→ BRIEF
Could each entry below be written out exactly, with every picture dropped?

→ DATA FOR REVIEW
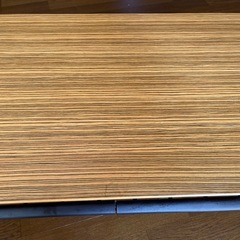 【値下げしました】ウッド&アルミ調　ローテーブルの画像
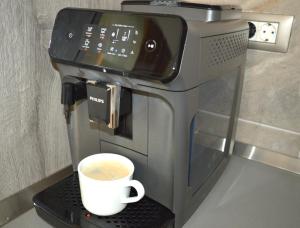 Kaffe- og tefaciliteter på Apartament Mirage by Alz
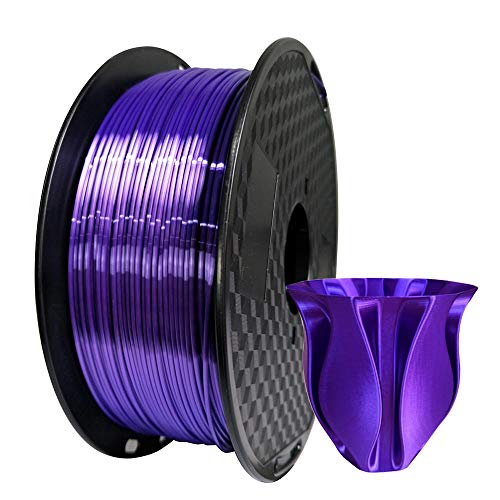Seide Violett PLA Filament 1,75 mm 1KG 3D Drucker Glänzend Filament 3D Drucken Materialien Seidig Dunkel Seiden Lila PLA Filament CC3D Zum FDM 3D Druck Drucker 3D Stift Metallische Farbe von CC3D
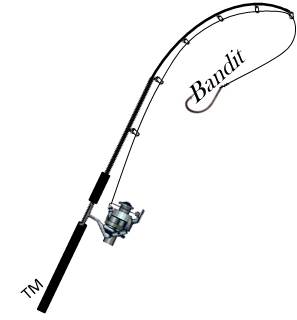 297x320 Fishing Rod Clipart Bent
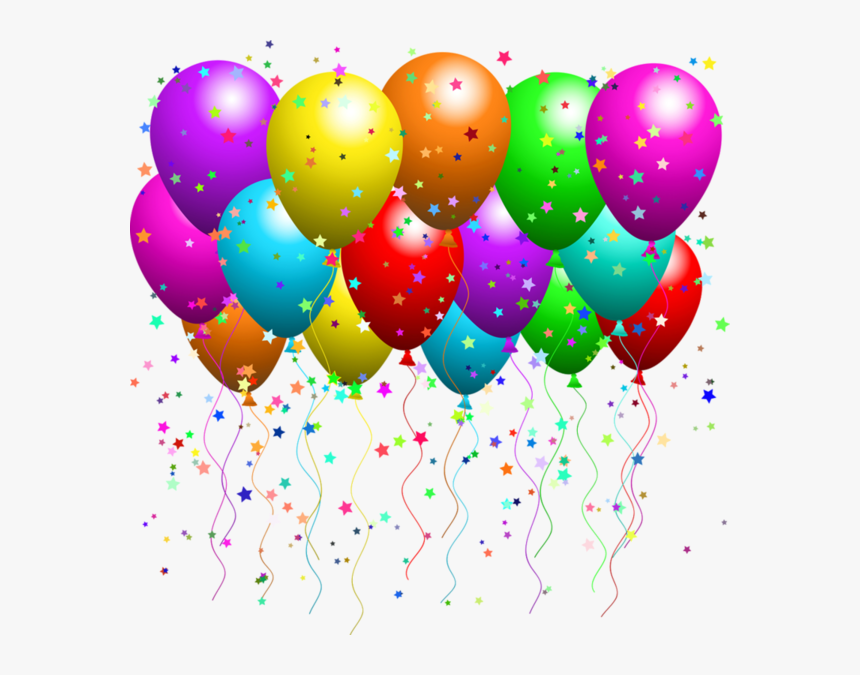 Clip Art Birthday Balloons, HD Png Download, Free Download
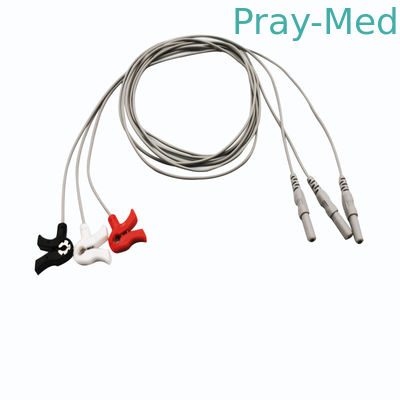Ningunas 10 ventajas estéril Gray Din Type Neonate Ecg telegrafían 3 la chaqueta del pie TPU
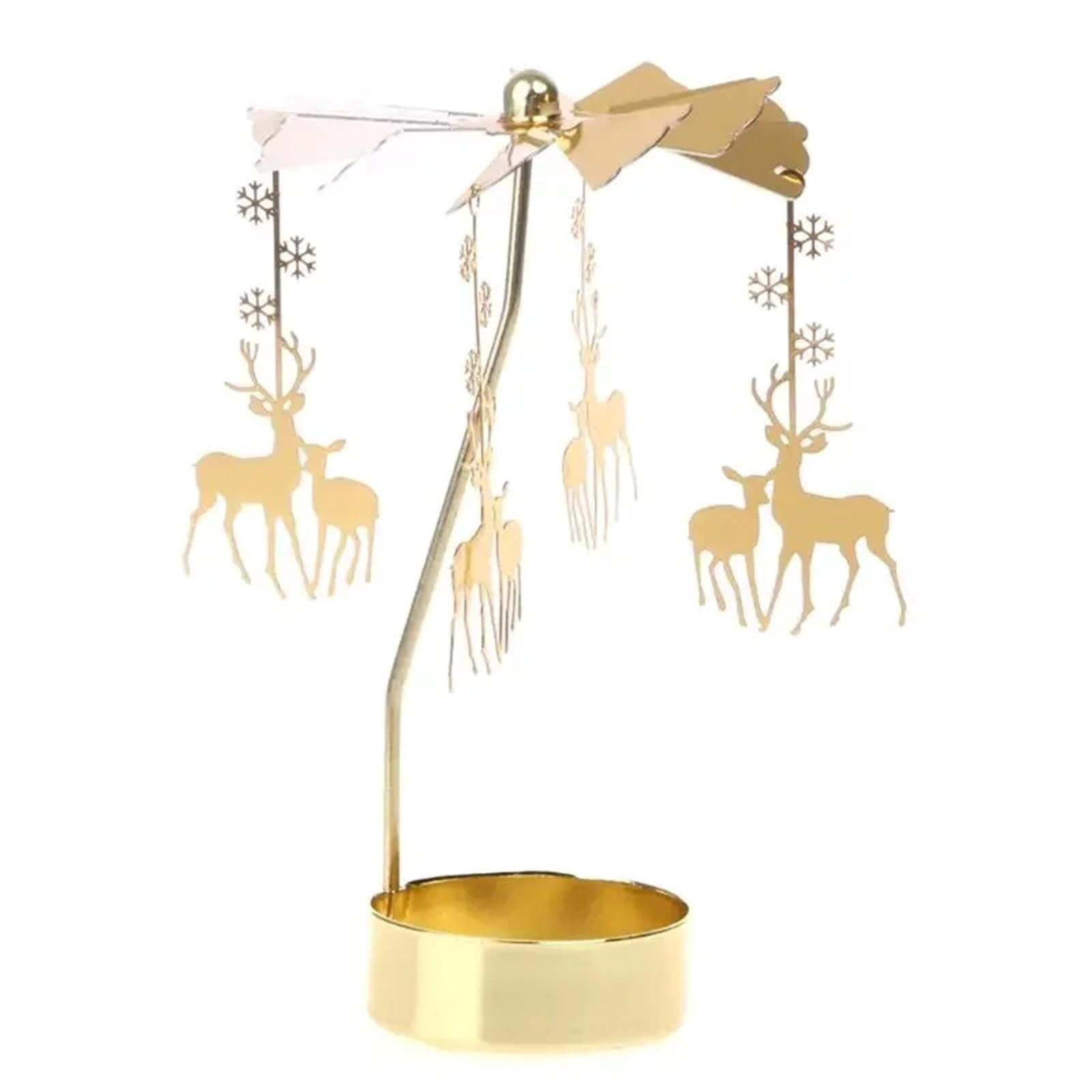 Candle Holders 1pc Metal Hot Rotating Christmas Dinner Party Wedding Decoration(Style5)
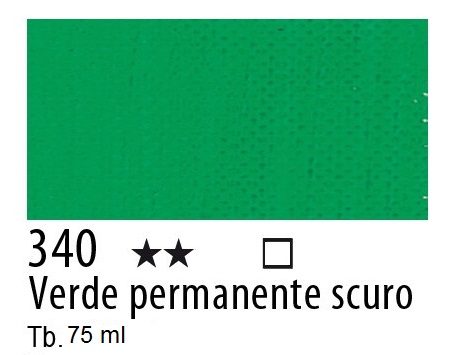 Maimeri colore Acrilico extra fine Verde perm. Scuro 340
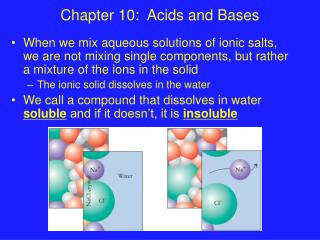 Chapter 10: Acids and Bases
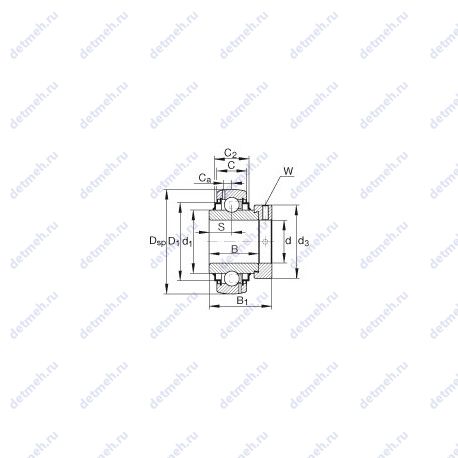 Подшипник G1207-KRR-B-AS2/V чертеж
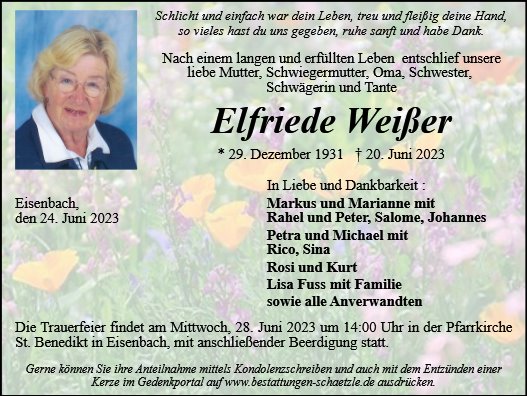Elfriede Weißer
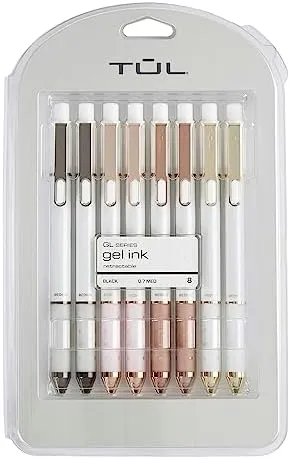 TUL Limited Edition Pearl Sunset Shades Mixed Metal 8 Pack Gel Pens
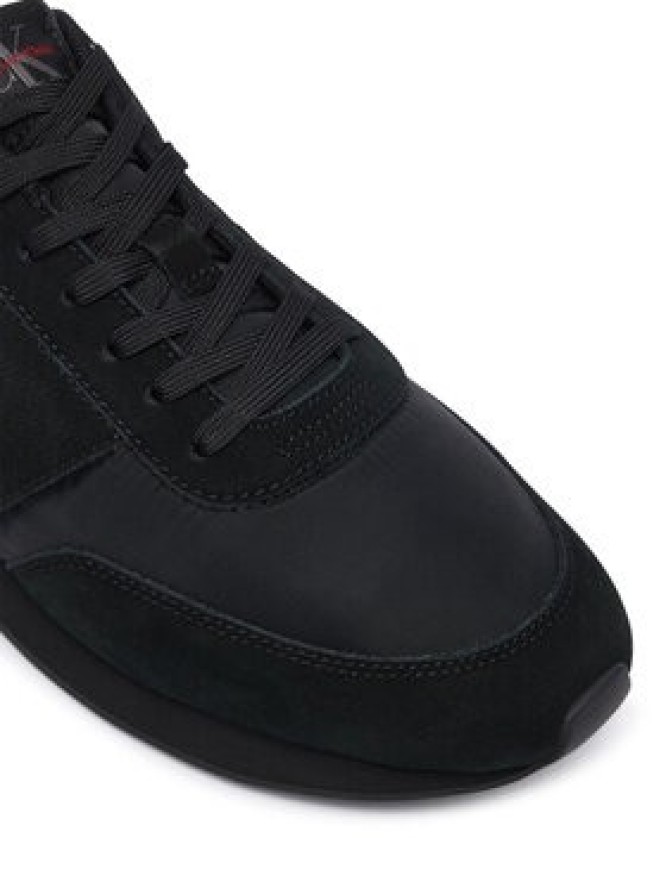 Calvin Klein Sneakersy Retro Runner Band Lth-Su HM0HM02212 Czarny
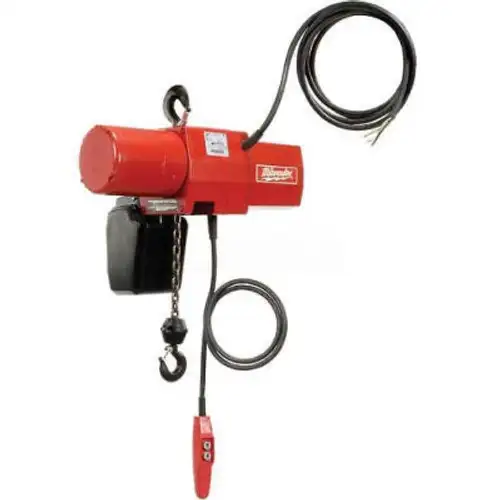 Milwaukee 9568 1 Ton Capacity 20-Foot Lift Electric Chain Hoist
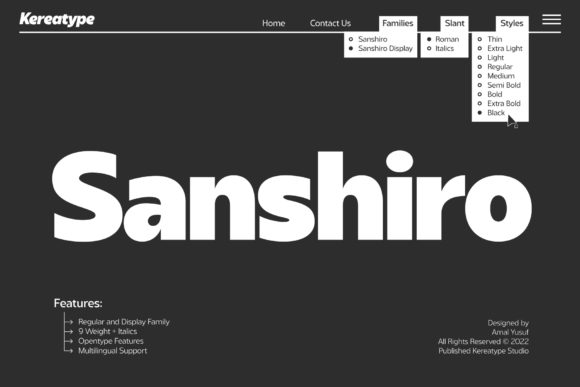 Sanshiro Font Review: A Versatile Geometric Sans Serif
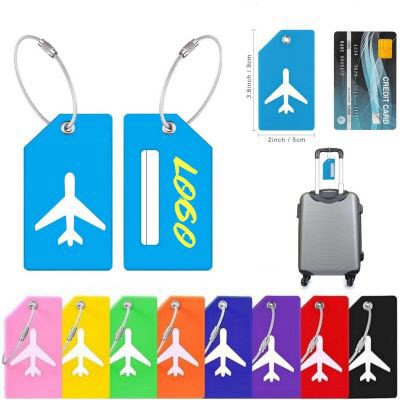 Picture of SILICONE SUITCASE TAGS LUGGAGE TRAVEL LABEL NAME ID CARD.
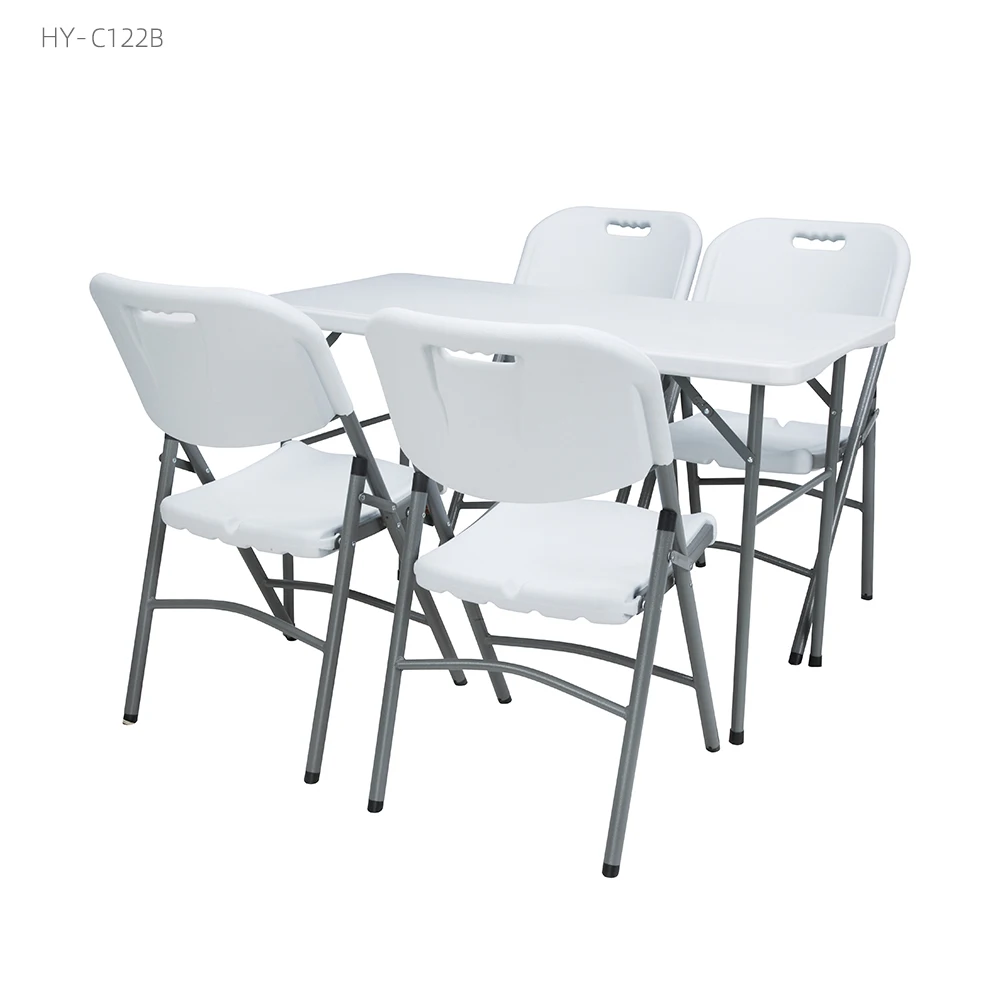 Портативный складываемый круговой 4ft 8 футов пластиковые столы HDPE складные для пикника и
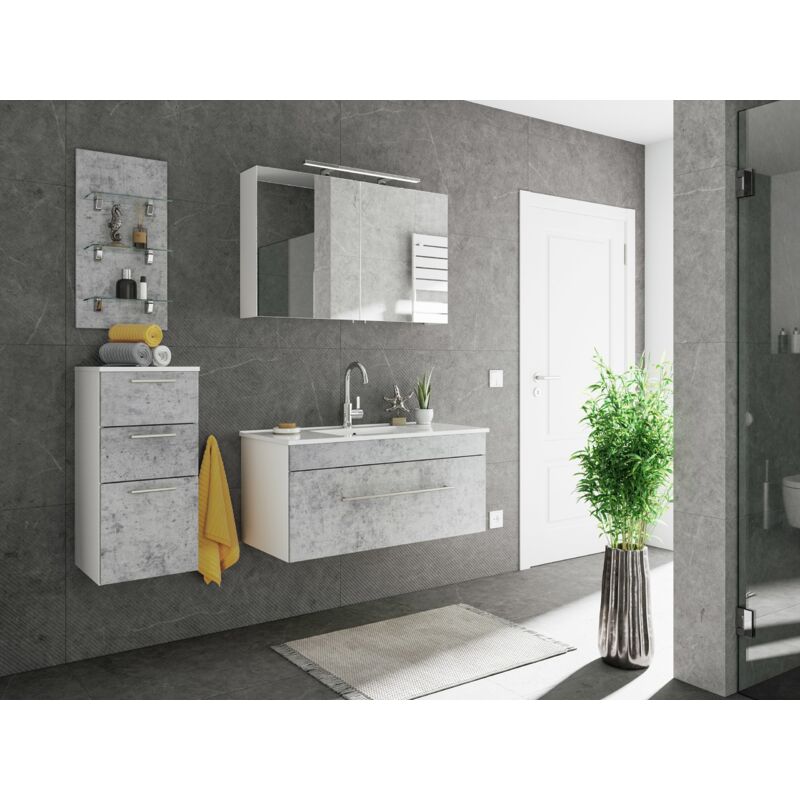 

Set de mueble de baño SANTINI 100 4 Partes Gris hormigón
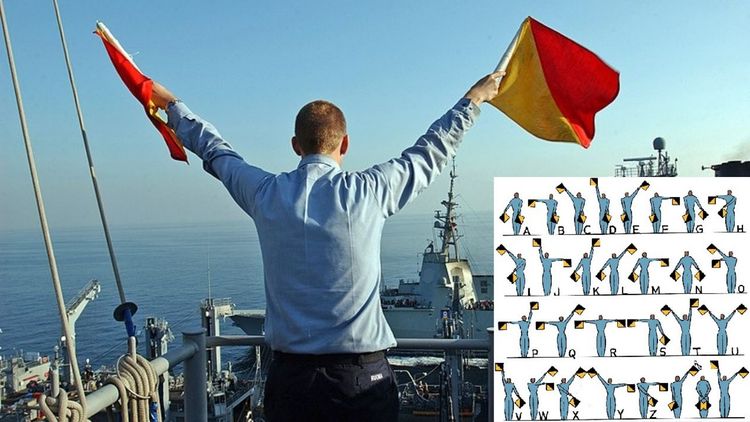 शिका संकेत भाषा: फ्लॅग सेमाफोर!! झेंड्यांच्या साहाय्याने संदेश पाठवण्याची २०० वर्षे जुनी पद्धत!!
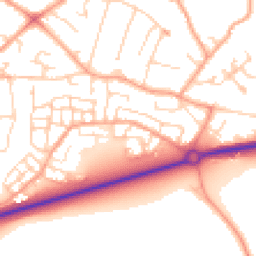 Daytime road noise heatmap for SG5 4LS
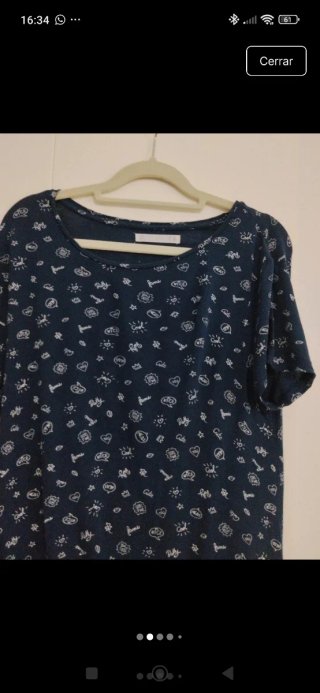 Vestido Azul Estampado
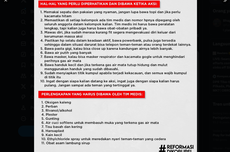 Mau Ikut Aksi #KawalPutusanMK? Ini yang Perlu Dibawa dan Diperhatikan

→ SOLUTION BELOW
 【値下げしました】ウッド&アルミ調　ローテーブルの画像
 Kaffe- og tefaciliteter på Apartament Mirage by Alz
Seide Violett PLA Filament 1,75 mm 1KG 3D Drucker Glänzend Filament 3D Drucken Materialien Seidig Dunkel Seiden Lila PLA Filament CC3D Zum FDM 3D Druck Drucker 3D Stift Metallische Farbe von CC3D
 297x320 Fishing Rod Clipart Bent
 Clip Art Birthday Balloons, HD Png Download, Free Download
Ningunas 10 ventajas estéril Gray Din Type Neonate Ecg telegrafían 3 la chaqueta del pie TPU
 Candle Holders 1pc Metal Hot Rotating Christmas Dinner Party Wedding Decoration(Style5)
 Maimeri colore Acrilico extra fine Verde perm. Scuro 340
 Chapter 10: Acids and Bases
 Подшипник G1207-KRR-B-AS2/V чертеж
Elfriede Weißer
 TUL Limited Edition Pearl Sunset Shades Mixed Metal 8 Pack Gel Pens
 Calvin Klein Sneakersy Retro Runner Band Lth-Su HM0HM02212 Czarny
 Milwaukee 9568 1 Ton Capacity 20-Foot Lift Electric Chain Hoist
 Sanshiro Font Review: A Versatile Geometric Sans Serif
 Picture of SILICONE SUITCASE TAGS LUGGAGE TRAVEL LABEL NAME ID CARD.
 Портативный складываемый круговой 4ft 8 футов пластиковые столы HDPE складные для пикника и

Set de mueble de baño SANTINI 100 4 Partes Gris hormigón
 शिका संकेत भाषा: फ्लॅग सेमाफोर!! झेंड्यांच्या साहाय्याने संदेश पाठवण्याची २०० वर्षे जुनी पद्धत!!
 Daytime road noise heatmap for SG5 4LS
 Vestido Azul Estampado
 Mau Ikut Aksi #KawalPutusanMK? Ini yang Perlu Dibawa dan Diperhatikan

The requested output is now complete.